Safety Profile Of Natrecor Continues To Be Subject Of Controversy And Debate
(Posted by Tom Lamb at DrugInjuryWatch.com)
The results of a large study for Johnson & Johnson's heart failure drug Natrecor failed to prove that its out-patient use in people with severe disease in addition to the current standard treatment regimen was any more beneficial than the standard treatment alone.
According to a March 25, 2007 Reuters article about this Natrecor study:
The company-sponsored, 920-patient trial fell short of its primary goal of showing the drug, Natrecor, could reduce the risk of death or heart and kidney-related hospitalizations. Results were presented on Sunday at an American College of Cardiology meeting in New Orleans.
The trial failed to find a difference between a group of patients getting standard treatment and those getting standard treatment plus Natrecor, known generically as nesiritide and given by infusion....
"The take-home message is, giving (Natrecor) intermittently did not reduce patients' risk of death or hospitalization. The strategy didn't work," said Steven Nissen, chief of cardiology at the Cleveland Clinic and president of the American College of Cardiology.
Natrecor is sold by the Johnson & Johnson subsidiary Scios. Natrecor is approved to treat patients with heart failure serious enough to have them admitted to a hospital. In recent years there has been growing concern about its "off-label, or unapproved, use in patients outside the hospital, i.e., out-patient setting. In addition, several studies have suggested that Natrecor may actually increase the risk of death and worsen kidney function.
There was some debate about whether this recent study did anything to alleviate those concerns about the safety profile of Natrecor. From the March 25 Reuters article:
The study also found no difference in severe side effects between both patient groups.
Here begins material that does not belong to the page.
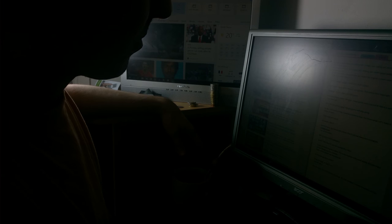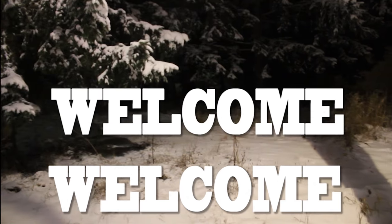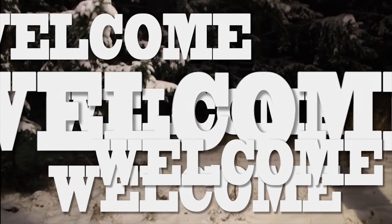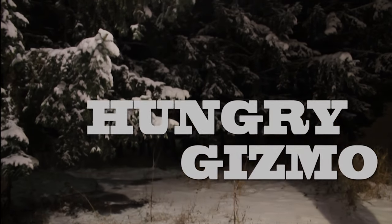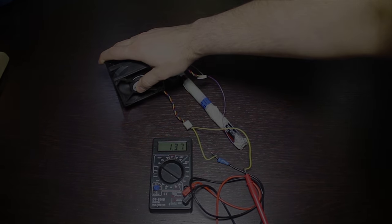Might, might not, just an idea. But if it does, welcome to the Hungry Gizmo channel. We've got technology help, stop motion animation, survival.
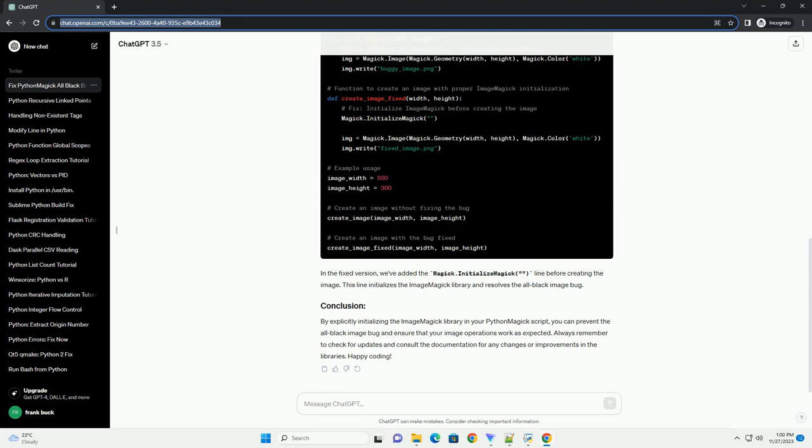By explicitly initializing the ImageMagick library in your Python Magic script, you can prevent the all black image bug and ensure that your image operations work as expected. Always remember to check for updates and consult the documentation for any changes or improvements in the libraries. Happy coding! ChatGPT.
The drug's supporters hope that result will allay safety concerns among doctors about its use....
...Scios vice president for medical affairs Roger Mills said the study should reassure doctors who cut back on the drug's use when the negative studies came to light several years ago.
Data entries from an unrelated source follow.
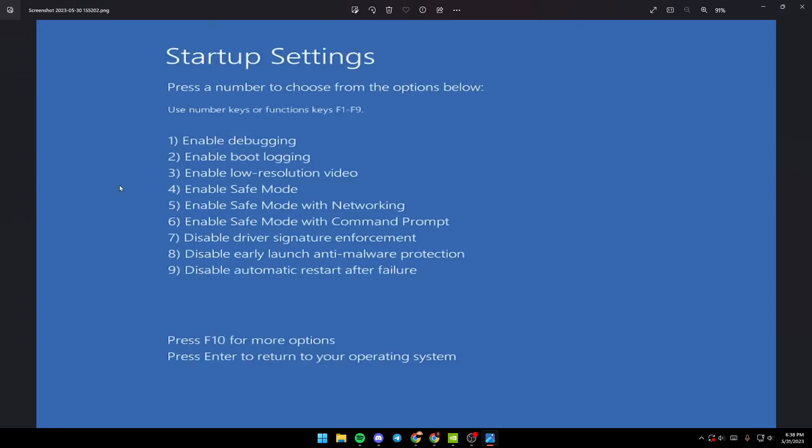Once the menu appears, you need to enable Safe Mode. Here you can't use your mouse. To choose options, press the F keys - F1 through F9.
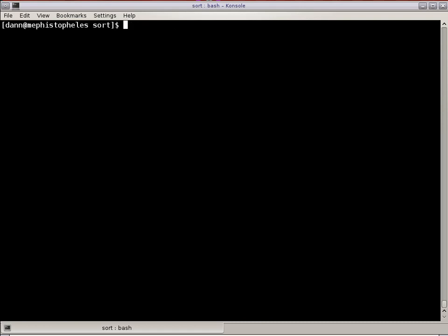My name's been Dan Washke. You've been watching Linux in the Shell. For the sort command, this is episode 22. And I thank you, and we'll see you on the next show.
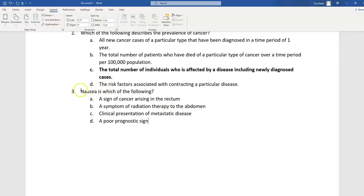So I've decided to write the following question: nausea is which of the following? The first option is a sign of cancer arising in the rectum. When I think about signs and symptoms of rectal carcinoma, I think about bleeding, a painful mass, and pencil-thin stools. Nausea is not a common sign of rectal cancer. Not only that, nausea is a symptom — vomiting can be demonstrated from the outside, but nausea is only experienced internally — making 'a sign of cancer arising in the rectum' a poor answer.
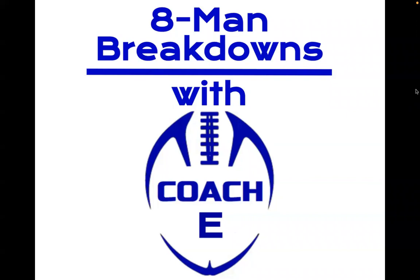Hey, welcome back guys. This is 8 Man Breakdowns with Coach E. I'm Coach E. Let's get started with the episode.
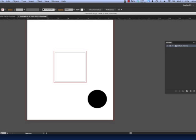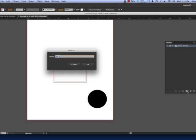First, open the Actions palette. Click the Create New Set icon to create a new set for your action. Give the set a name.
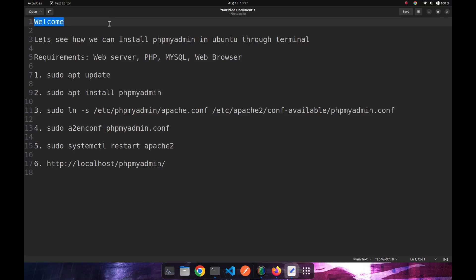Welcome guys to another video. In this video, we will see how we can install phpMyAdmin in Ubuntu through our terminal.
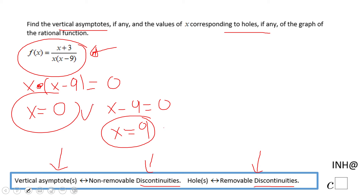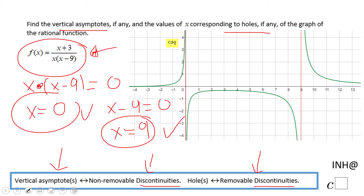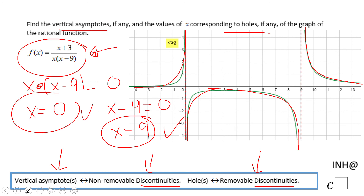These two are the vertical asymptotes, which you can see here on this graph. If you put it in a graphing calculator, be sure you adjust your window so you can see it. We notice the graph is going up here, going down here, and similarly here going down and coming from up here — those two vertical asymptotes.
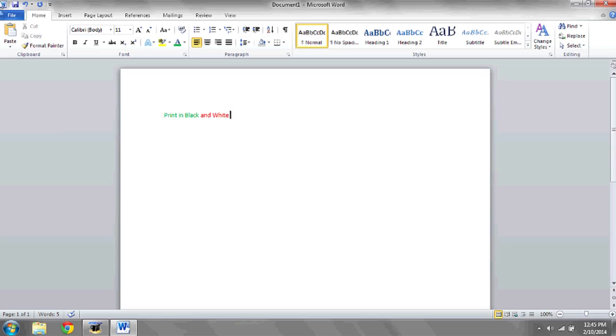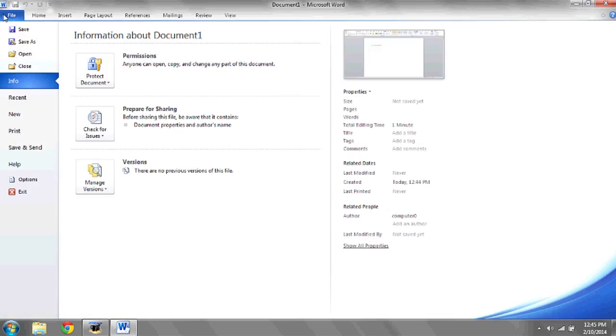If you'd like to print something in black and white using Microsoft Word, the first thing you're going to need to do is go to the document in question. Click on File in the top left, and go down to where it says Print.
"There is no hint of a problem with renal function or mortality. I think for the most part physicians should find these data very reassuring," Mills said.
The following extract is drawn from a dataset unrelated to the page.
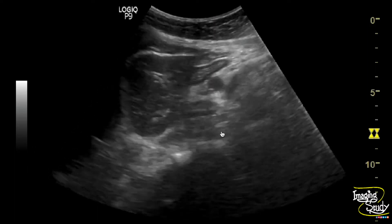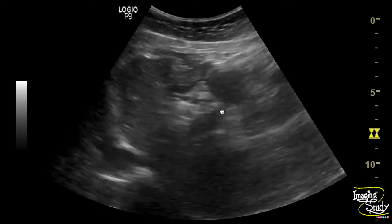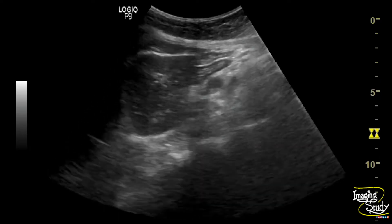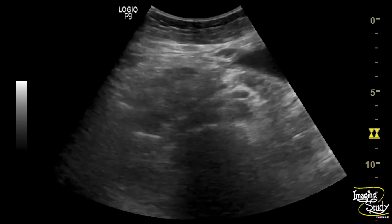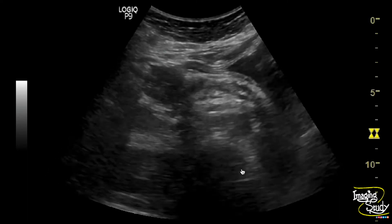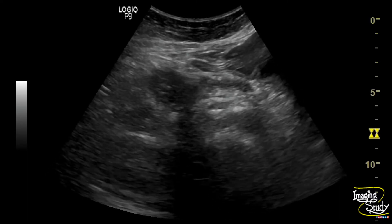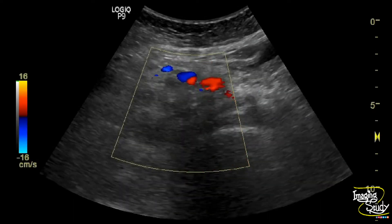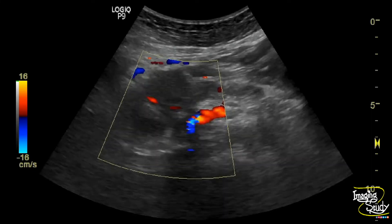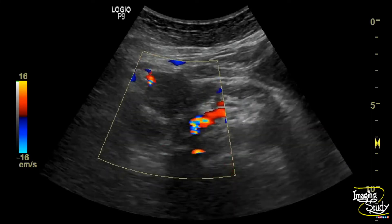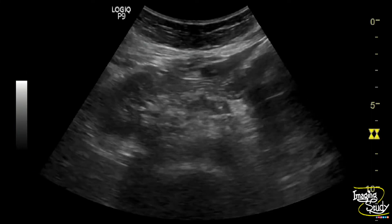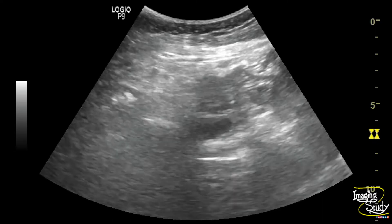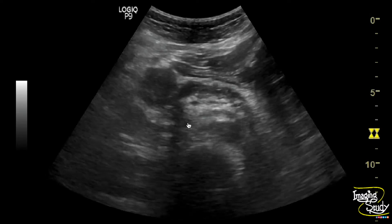Here you can see the longitudinal section and this is the pancreatic head mass, which is surrounded by some blood vessels. This is the mass and its relation to the surrounding structures.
But doctors on a panel discussing the study disputed the claim that the drug can be declared safe as a result of the study, noting there were more drug-related side effects in the Natrecor group. And there was a trend toward more days alive outside the hospital in the placebo group.
"I'm a little perplexed about your conclusions that this drug is safe," one panel member said.
In response to inquiries about the results of this Natrecor study, Scios said it had not decided, yet, whether the company will continue to test the efficacy and safety of Natrecor use in any out-patient setting.